The second focus area relates to assessing BHP's portfolio.
It will be no surprise to you that the Board and management
review BHP's portfolio and options for the future on an ongoing
basis to make sure that every asset earns its way in the portfolio
against strict metrics focused on value and returns.
There is significant 'work in progress' in shaping the portfolio
in this way, perhaps most notably in shale, where in August we
announced that our onshore US shale assets are no longer aligned
with our long-term strategy and are therefore non-core. We are
actively pursuing ways to exit these assets for value.
The third focus area is capital discipline.
As an outsider looking in, I have seen the pro-cyclical nature
of the resources industry. The industry's and the Company's track
record over the past decade on capital allocation and shareholder
value creation has not been perfect.
The Board and management team have been working together to
learn from the lessons of the past and continuously enhance our
capital allocation processes. The framework established at the
beginning of 2016 was an important step towards these objectives.
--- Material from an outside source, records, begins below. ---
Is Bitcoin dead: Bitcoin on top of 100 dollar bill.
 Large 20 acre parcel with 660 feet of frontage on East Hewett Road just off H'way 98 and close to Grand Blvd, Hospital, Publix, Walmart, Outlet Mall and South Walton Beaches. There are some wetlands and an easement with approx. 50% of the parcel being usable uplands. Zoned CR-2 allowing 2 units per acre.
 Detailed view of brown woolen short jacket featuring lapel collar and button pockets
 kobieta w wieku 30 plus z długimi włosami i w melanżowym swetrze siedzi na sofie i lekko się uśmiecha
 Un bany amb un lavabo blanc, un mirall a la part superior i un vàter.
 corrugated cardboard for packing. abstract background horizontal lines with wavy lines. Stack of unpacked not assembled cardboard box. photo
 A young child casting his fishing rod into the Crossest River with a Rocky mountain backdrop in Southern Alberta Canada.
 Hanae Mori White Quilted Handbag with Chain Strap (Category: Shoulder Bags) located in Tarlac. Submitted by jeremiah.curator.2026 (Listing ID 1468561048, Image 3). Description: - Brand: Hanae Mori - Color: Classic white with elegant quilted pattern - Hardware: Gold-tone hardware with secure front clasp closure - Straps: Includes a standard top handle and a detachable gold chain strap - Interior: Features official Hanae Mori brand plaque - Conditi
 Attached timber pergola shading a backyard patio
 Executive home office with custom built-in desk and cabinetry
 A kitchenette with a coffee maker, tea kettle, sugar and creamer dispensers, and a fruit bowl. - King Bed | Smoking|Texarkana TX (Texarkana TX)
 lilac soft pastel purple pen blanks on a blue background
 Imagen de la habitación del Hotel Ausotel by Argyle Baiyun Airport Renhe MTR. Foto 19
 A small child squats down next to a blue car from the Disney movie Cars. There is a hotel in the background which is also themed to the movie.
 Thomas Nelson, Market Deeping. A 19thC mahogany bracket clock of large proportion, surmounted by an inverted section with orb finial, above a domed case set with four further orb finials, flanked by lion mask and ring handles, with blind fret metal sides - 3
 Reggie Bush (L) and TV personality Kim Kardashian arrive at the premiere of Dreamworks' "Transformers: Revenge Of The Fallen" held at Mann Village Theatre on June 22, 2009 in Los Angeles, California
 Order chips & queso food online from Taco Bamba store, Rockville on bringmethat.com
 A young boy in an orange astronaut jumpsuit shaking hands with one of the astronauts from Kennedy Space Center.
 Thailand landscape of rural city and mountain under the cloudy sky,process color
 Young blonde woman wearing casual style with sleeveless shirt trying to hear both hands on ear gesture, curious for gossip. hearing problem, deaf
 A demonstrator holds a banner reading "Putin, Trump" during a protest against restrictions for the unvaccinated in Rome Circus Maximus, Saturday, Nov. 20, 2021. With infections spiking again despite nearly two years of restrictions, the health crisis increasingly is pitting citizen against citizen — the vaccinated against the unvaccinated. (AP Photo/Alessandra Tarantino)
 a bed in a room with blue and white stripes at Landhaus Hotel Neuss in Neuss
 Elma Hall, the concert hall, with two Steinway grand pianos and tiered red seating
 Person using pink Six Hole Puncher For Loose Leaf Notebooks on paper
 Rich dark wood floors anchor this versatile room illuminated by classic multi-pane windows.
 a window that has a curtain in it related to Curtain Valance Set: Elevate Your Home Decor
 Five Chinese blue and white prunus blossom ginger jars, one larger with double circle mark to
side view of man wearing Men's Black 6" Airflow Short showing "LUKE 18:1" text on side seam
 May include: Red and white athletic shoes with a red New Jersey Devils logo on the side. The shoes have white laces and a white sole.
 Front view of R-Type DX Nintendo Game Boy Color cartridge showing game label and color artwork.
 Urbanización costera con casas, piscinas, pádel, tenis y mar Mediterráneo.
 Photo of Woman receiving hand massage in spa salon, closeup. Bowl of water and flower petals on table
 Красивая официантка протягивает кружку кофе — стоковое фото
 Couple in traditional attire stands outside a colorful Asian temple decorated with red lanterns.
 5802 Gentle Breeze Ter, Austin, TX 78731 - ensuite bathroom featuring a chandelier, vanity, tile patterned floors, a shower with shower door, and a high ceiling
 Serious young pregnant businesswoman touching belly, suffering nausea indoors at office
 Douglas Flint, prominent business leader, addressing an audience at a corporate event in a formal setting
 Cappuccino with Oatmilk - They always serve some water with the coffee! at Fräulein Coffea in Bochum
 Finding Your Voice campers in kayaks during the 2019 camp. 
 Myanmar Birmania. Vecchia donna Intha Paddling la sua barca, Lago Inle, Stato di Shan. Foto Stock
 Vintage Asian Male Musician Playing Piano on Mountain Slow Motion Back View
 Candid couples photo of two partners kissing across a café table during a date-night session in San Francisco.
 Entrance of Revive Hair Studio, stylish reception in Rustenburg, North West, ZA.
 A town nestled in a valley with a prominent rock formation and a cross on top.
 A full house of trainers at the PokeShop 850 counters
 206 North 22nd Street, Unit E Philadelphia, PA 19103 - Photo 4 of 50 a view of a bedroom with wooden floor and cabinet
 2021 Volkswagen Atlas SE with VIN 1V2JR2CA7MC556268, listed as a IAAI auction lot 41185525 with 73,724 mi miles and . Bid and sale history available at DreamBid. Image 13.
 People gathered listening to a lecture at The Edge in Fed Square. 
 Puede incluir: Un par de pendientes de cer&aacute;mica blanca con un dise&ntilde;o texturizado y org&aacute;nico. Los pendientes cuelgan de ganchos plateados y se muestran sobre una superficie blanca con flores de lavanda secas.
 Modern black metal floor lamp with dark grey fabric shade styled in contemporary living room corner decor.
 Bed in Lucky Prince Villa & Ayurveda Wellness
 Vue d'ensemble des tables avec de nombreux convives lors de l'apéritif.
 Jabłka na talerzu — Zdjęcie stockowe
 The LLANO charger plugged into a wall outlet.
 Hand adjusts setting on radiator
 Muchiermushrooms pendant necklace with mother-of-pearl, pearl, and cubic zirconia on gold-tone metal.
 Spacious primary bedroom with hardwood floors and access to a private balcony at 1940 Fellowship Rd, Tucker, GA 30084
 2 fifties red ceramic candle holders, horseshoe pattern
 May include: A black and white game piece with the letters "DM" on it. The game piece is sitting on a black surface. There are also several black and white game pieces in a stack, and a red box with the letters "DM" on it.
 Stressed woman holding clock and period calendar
The framework is a core process for everyone in the leadership of
BHP and how we create value. So to that end, Andrew and I have
agreed that we will form a working group made up of representatives
of management and the Board that will focus on strengthening the
processes supporting the framework. This will help us to further
review and improve our capital allocation activities and metrics,
as well as how we communicate our decisions transparently to the
market.
Our starting position is solid. We have a portfolio that
generates significant amounts of cash in almost all phases of the
commodity cycle.
We also have some clear parameters in place:
-- We have a well-established capital allocation framework to
determine how we best allocate cash.
-- In August we gave the market new clarity around net debt. We
announced that we would continue to strengthen our balance sheet
with a targeted medium-term net debt range of US$10 to 15
billion.
-- We also announced that we would maintain discipline and keep
capital and exploration expenditure below US$8 billion over the
next few years. As Andrew has previously stated, this is not a
'spend up to target'. We will continue to drive capital efficiency
in our aim to do it for less.
These parameters will make us sharper and more disciplined.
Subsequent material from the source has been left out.